9. Are the resulting structures easily detectable in the finished devices?
Yes. The change in the electrical character will be quite evident, and the atomic wrinkles can also be easily detected using either AFM (atomic force microscope), or with a bit more difficulty with cross-sectional STEM (scanning transmission electron microscopy). This easy detectability is important to enforcing a patent.

10. What is the most challenging aspect of this radical new technology?
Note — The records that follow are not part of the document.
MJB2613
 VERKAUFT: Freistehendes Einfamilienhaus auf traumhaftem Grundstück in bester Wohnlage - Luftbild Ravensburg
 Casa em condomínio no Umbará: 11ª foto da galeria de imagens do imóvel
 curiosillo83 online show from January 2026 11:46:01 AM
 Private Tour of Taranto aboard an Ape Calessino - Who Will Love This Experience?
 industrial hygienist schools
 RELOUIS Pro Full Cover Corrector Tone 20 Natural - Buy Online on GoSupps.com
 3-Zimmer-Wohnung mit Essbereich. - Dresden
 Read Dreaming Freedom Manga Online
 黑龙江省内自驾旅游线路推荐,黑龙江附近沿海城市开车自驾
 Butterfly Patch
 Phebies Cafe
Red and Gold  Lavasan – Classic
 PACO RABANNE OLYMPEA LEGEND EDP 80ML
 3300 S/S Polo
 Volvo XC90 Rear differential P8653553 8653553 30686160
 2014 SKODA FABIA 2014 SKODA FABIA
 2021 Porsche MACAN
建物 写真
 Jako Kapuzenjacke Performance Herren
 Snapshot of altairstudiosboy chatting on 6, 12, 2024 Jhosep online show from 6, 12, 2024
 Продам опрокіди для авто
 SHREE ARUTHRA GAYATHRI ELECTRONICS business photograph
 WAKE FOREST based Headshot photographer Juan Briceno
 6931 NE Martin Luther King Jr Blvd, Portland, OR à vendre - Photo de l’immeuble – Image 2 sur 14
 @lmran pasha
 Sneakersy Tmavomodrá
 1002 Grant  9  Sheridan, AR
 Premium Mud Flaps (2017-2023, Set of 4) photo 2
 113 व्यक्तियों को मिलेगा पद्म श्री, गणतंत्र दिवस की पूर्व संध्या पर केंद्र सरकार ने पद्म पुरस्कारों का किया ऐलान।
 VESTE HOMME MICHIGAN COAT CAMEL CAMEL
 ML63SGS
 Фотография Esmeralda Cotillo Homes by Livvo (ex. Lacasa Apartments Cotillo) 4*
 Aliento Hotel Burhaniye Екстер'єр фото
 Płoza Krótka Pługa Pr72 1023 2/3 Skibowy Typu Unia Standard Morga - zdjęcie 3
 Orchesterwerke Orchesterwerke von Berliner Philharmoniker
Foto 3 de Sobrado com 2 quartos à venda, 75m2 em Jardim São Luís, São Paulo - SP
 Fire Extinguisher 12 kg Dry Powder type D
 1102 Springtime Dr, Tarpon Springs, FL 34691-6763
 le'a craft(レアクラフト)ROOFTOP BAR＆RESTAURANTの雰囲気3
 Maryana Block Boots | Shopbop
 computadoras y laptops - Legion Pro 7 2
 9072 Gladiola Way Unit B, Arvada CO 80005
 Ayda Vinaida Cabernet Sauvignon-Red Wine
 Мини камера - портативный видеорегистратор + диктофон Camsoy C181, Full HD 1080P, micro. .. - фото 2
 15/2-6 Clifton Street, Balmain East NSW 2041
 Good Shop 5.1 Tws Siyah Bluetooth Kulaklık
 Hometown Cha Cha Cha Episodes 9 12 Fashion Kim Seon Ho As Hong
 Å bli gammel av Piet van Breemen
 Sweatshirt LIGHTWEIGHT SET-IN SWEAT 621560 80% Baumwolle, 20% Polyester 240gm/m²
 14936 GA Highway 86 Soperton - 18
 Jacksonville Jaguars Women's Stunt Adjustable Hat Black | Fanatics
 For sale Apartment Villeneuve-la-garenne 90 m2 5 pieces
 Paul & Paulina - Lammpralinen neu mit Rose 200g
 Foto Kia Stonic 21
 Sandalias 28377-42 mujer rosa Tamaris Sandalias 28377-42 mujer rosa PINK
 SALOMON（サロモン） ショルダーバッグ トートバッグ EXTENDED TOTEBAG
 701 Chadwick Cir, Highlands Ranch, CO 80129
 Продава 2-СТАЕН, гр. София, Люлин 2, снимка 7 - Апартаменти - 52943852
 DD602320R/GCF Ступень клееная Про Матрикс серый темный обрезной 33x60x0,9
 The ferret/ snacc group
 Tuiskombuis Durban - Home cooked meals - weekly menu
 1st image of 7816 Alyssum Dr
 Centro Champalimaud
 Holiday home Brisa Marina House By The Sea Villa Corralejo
At this moment, it appears that the biggest challenge will be to produce significant portions of a (5 5 12) or other (1 1 X) wafer that are perfectly atomically flat. This difficulty is due to the fact that a particular crystal orientation of a wafer is rarely more precise than about 0.1°, and it needs to be precise to 0.01º to have even a 1µm wide atomically flat region. Even more serious is the fact that even the best-aligned chem-mechanical polishing (CMP) process produces only small regions of atomic flatness, randomly scattered around the surface of the wafer. The basic patent addresses this problem with a technology that forces the atomically flat regions to appear in the precise locations where the critical regions of the manufactured devices are to be placed. There are several variants of this general concept covered in the Baski-Kendall 2002 patent. The important point is that it can be done in a production process. This certainly has relevance in the IC applications, but also in the micro-tip-array application of the Field Emitting Device (FED), as well as in superconductor, chemical, biological, light emitter and IR lasers, and other applications not discussed here.

11. How would this technology be demonstrated on some shorter range applications?
The most direct demonstration was to make and test some MOSFETs in the two major current directions, both parallel and perpendicular to the atomic stripes. This was done without any complex etching steps on (5 5 12), (114) and (100) wafers handled in exactly the same manner within the same processing run using standard fabrication methods on these abnormal crystal surfaces. We did this.in a Mexican National Laboratory that Dr. Kendall helped establish between 1975 and 1984 after a 17 year career in research at Texas Instruments in Dallas. The results are discussed in the papers found on the publications page. You may find that the one dimensional artificial atoms that we discovered are the most interesting. Just imagine what an artificial atom would look like if a few electrons were squeezed into an incredibly small needle that was just a few atoms wide instead of into a very small sphere like in a real atom. The artificial atom is indeed very interesting, but we are presently focused on more practical applications.